*** ENTRIES SHOWN ***

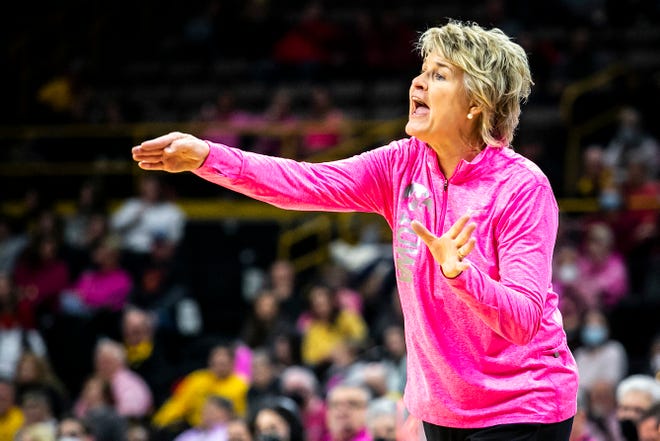 Iowa head coach Lisa Bluder reacts during a NCAA Big Ten Conference women's basketball game against Maryland, Monday, Feb. 14, 2022, at Carver-Hawkeye Arena in Iowa City, Iowa.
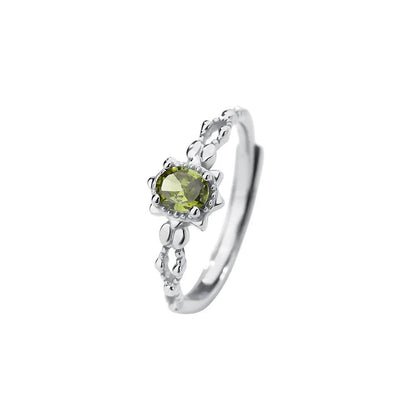 Real 925 Sterling Silver Olive Green Zircon Open Ring Cute Gift for Lady Mom Daughter Birthday Jewelry - Touchy Style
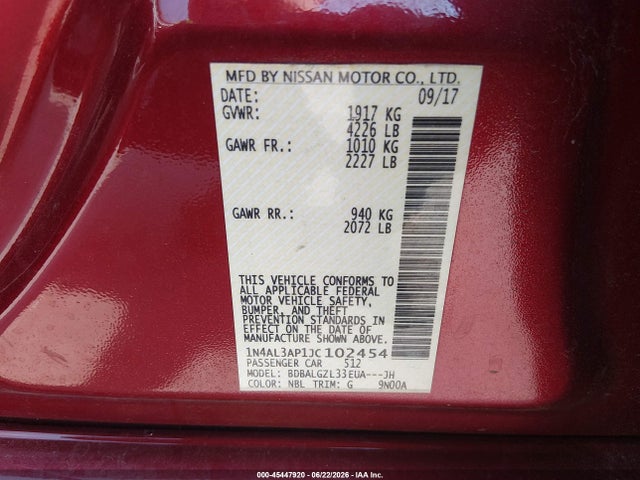 Auction sale of the 2018 Nissan Altima 2.5 S, vin: 1N4AL3AP1JC102454, lot number: 45447920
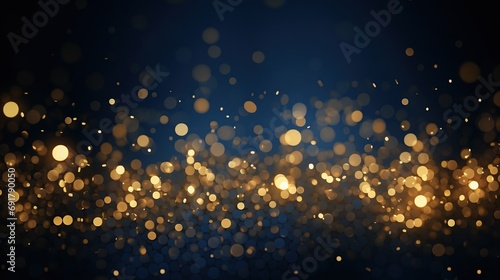 Abstract golden shine particles or gold foil texture with bokeh effect on a dark blue background. Generative AI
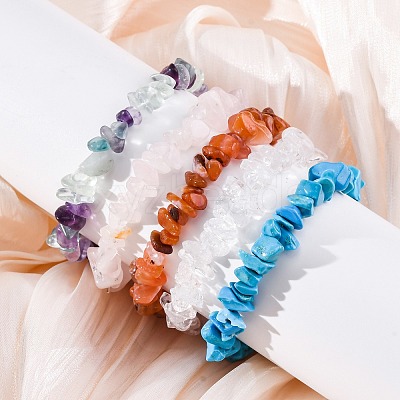Chips Natural & Synthetic Gemstone Beaded Stretch Bracelets BJEW-JB01826-1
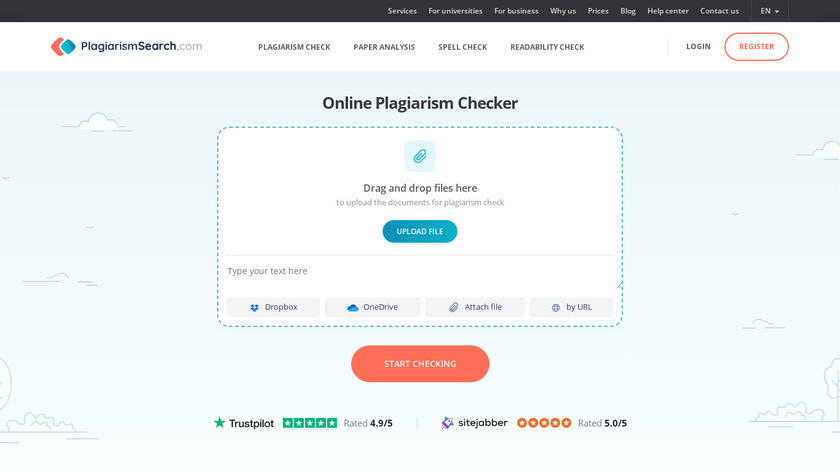 PlagiarismSearch Landing Page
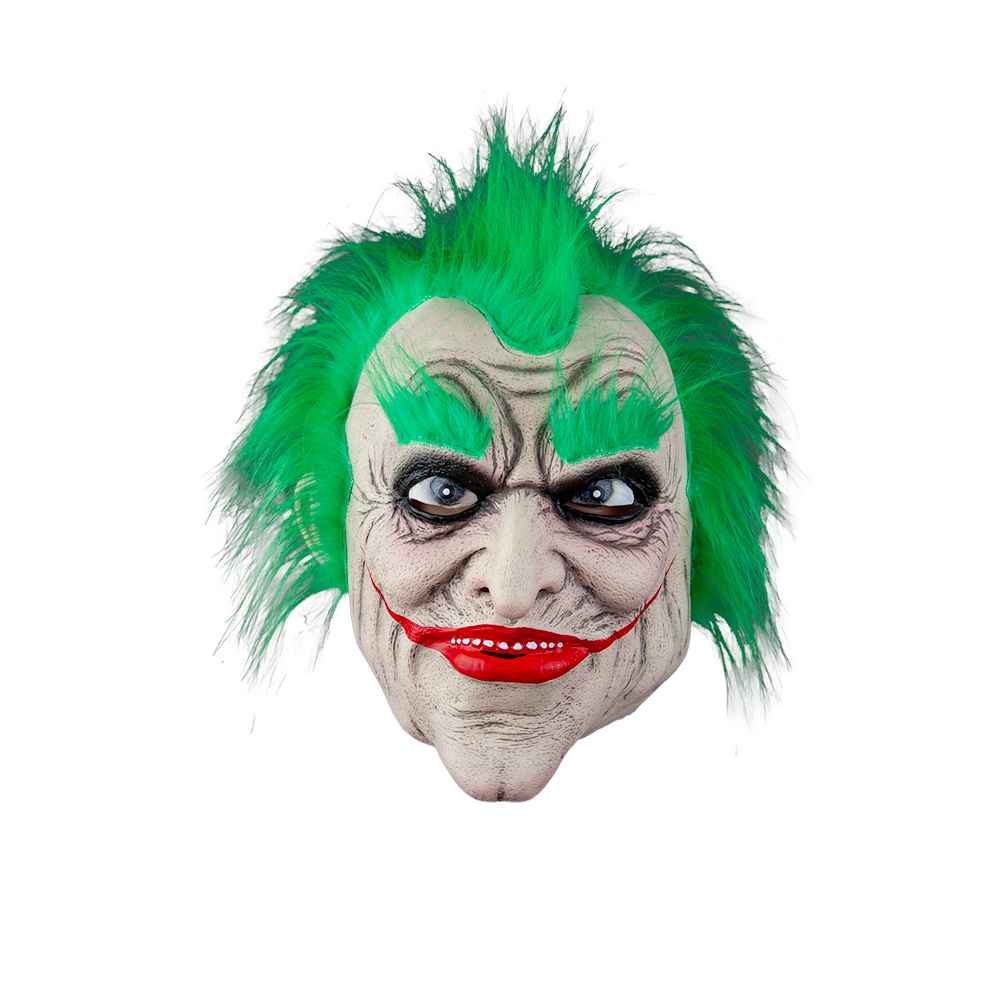 Green Haired Freak Latex Overhead Mask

*** End of ENTRIES SHOWN ***

> _TASK STATEMENT_:
With pictures excluded, restate word for word the lines from the one that contains "Real 925 Sterling" through the end of the material, inclusive, and nothing more.

> _RESPONSE_:
 Real 925 Sterling Silver Olive Green Zircon Open Ring Cute Gift for Lady Mom Daughter Birthday Jewelry - Touchy Style
 Auction sale of the 2018 Nissan Altima 2.5 S, vin: 1N4AL3AP1JC102454, lot number: 45447920
 Abstract golden shine particles or gold foil texture with bokeh effect on a dark blue background. Generative AI
Chips Natural & Synthetic Gemstone Beaded Stretch Bracelets BJEW-JB01826-1
 PlagiarismSearch Landing Page
 Green Haired Freak Latex Overhead Mask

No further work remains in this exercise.